Segment Start: Recorded information

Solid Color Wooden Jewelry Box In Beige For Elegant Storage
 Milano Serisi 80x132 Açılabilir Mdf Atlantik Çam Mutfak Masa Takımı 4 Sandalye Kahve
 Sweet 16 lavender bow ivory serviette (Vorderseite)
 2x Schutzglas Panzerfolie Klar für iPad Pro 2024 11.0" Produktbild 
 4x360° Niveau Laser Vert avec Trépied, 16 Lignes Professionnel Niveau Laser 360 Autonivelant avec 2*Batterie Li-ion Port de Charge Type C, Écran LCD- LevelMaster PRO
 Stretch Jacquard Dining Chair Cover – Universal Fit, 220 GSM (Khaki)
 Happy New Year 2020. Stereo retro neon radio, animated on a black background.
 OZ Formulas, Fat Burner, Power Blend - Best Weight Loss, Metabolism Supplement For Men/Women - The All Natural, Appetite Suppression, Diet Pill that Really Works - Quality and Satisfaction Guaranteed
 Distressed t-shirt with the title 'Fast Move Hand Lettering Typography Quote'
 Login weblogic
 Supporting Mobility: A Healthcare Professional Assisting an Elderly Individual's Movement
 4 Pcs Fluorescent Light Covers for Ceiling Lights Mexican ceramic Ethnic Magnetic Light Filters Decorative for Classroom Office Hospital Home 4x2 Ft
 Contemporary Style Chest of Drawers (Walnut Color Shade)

Segment End: Recorded information

What the task asks
Quote, word for word, every line from the top of the entries through the line that holds "Supporting Mobility: A".

Your solution
Solid Color Wooden Jewelry Box In Beige For Elegant Storage
 Milano Serisi 80x132 Açılabilir Mdf Atlantik Çam Mutfak Masa Takımı 4 Sandalye Kahve
 Sweet 16 lavender bow ivory serviette (Vorderseite)
 2x Schutzglas Panzerfolie Klar für iPad Pro 2024 11.0" Produktbild 
 4x360° Niveau Laser Vert avec Trépied, 16 Lignes Professionnel Niveau Laser 360 Autonivelant avec 2*Batterie Li-ion Port de Charge Type C, Écran LCD- LevelMaster PRO
 Stretch Jacquard Dining Chair Cover – Universal Fit, 220 GSM (Khaki)
 Happy New Year 2020. Stereo retro neon radio, animated on a black background.
 OZ Formulas, Fat Burner, Power Blend - Best Weight Loss, Metabolism Supplement For Men/Women - The All Natural, Appetite Suppression, Diet Pill that Really Works - Quality and Satisfaction Guaranteed
 Distressed t-shirt with the title 'Fast Move Hand Lettering Typography Quote'
 Login weblogic
 Supporting Mobility: A Healthcare Professional Assisting an Elderly Individual's Movement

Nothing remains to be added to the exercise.